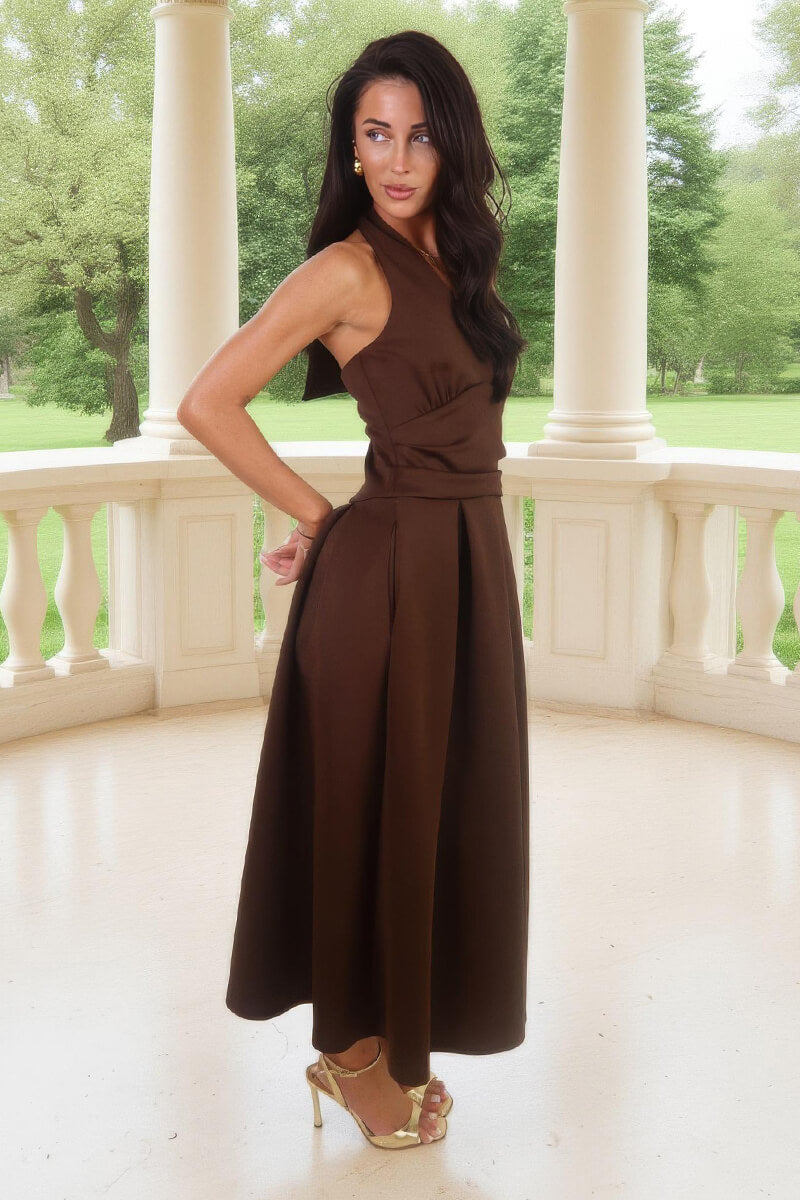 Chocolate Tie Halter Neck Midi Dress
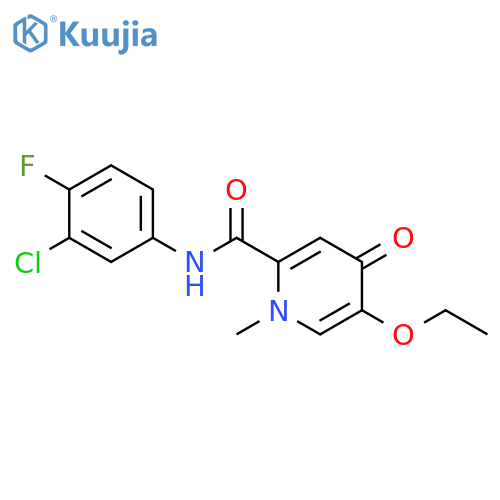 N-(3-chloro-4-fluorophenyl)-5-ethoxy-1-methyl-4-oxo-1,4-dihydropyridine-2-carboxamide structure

++++++

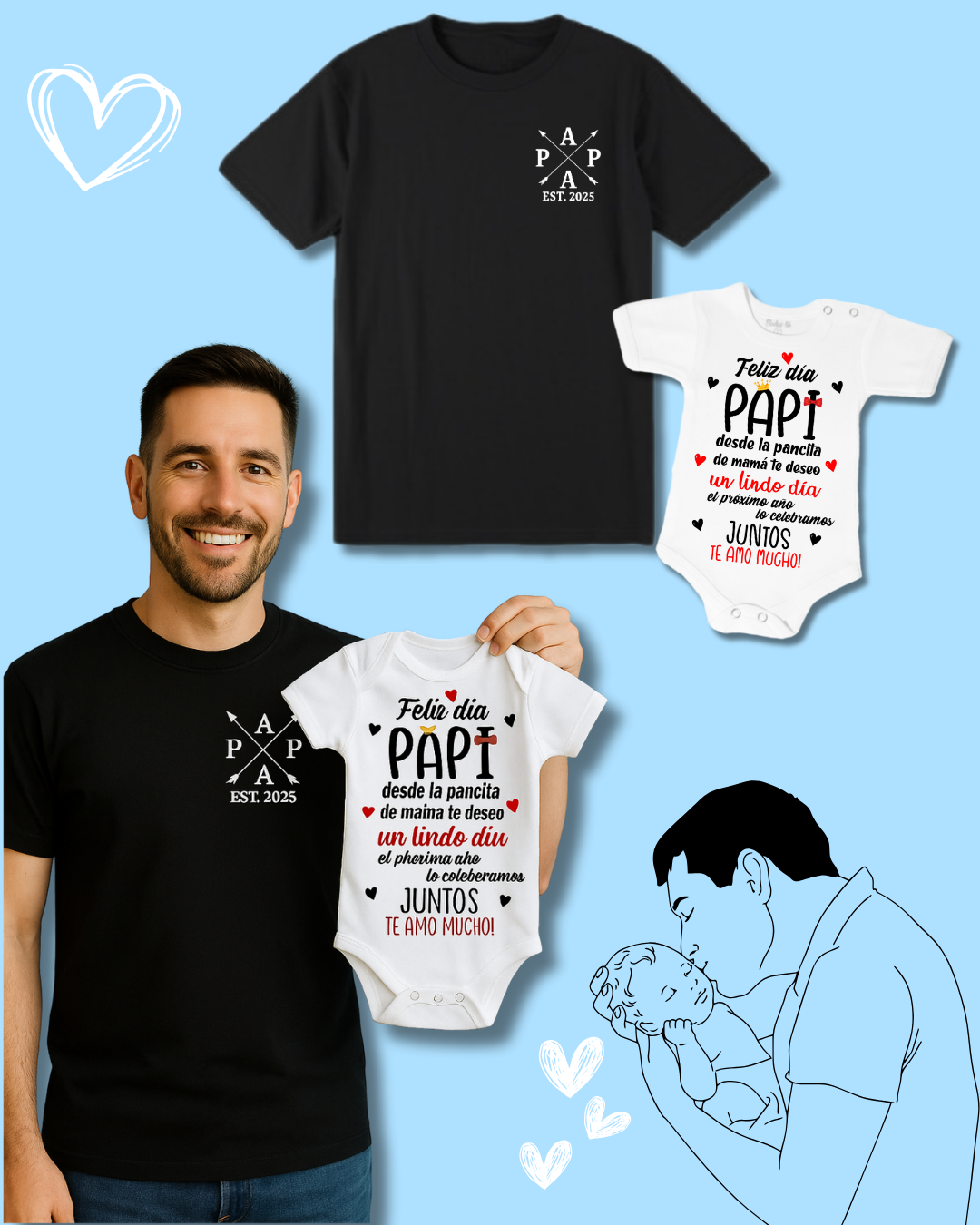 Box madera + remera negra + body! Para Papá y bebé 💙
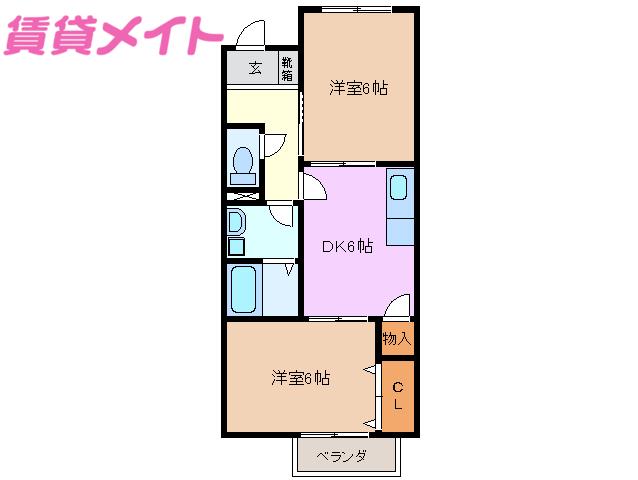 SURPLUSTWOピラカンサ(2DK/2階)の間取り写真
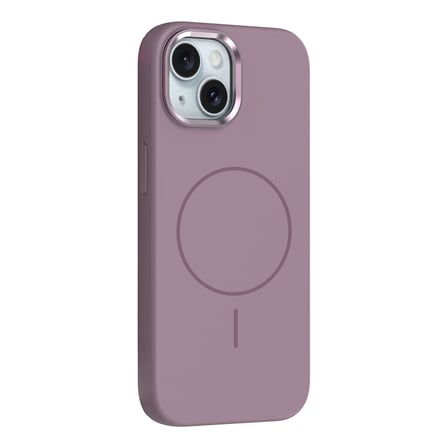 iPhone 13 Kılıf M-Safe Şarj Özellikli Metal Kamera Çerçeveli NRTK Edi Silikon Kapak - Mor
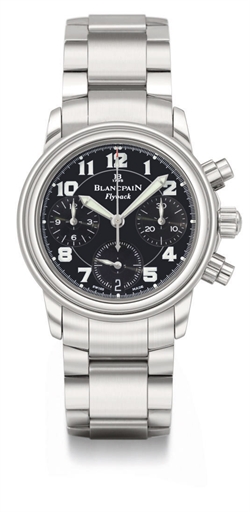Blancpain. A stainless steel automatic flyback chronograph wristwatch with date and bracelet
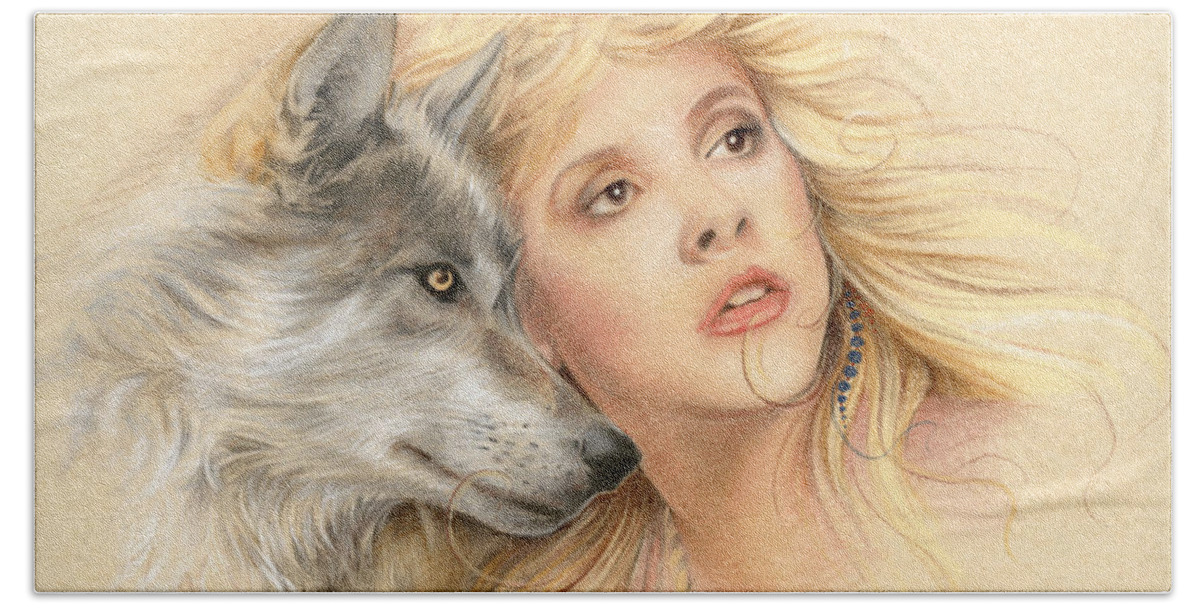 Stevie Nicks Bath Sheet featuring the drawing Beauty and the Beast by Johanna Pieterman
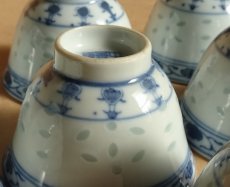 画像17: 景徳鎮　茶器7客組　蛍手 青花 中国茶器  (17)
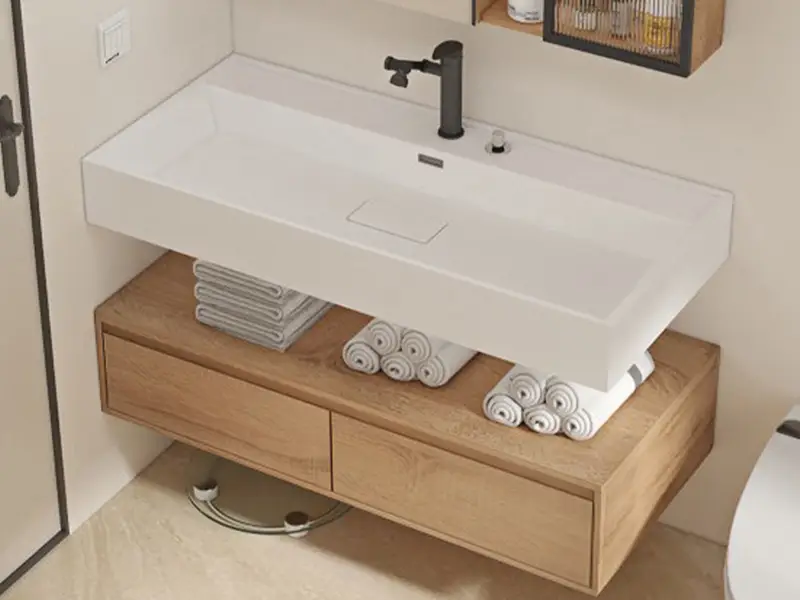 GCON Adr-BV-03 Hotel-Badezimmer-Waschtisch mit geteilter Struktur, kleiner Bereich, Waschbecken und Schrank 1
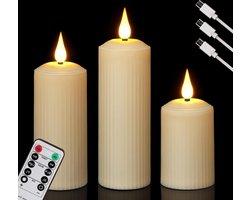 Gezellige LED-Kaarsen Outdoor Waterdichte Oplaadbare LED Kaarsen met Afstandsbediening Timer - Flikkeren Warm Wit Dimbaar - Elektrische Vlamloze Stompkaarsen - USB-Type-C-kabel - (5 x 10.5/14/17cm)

++++++

Please output the lines above beginning at the line with "画像17: 景徳鎮　茶器7客組　蛍手 青花" and ending after the line with "Gezellige LED-Kaarsen Outdoor", precisely as written and with no pictures.

 画像17: 景徳鎮　茶器7客組　蛍手 青花 中国茶器  (17)
 GCON Adr-BV-03 Hotel-Badezimmer-Waschtisch mit geteilter Struktur, kleiner Bereich, Waschbecken und Schrank 1
 Gezellige LED-Kaarsen Outdoor Waterdichte Oplaadbare LED Kaarsen met Afstandsbediening Timer - Flikkeren Warm Wit Dimbaar - Elektrische Vlamloze Stompkaarsen - USB-Type-C-kabel - (5 x 10.5/14/17cm)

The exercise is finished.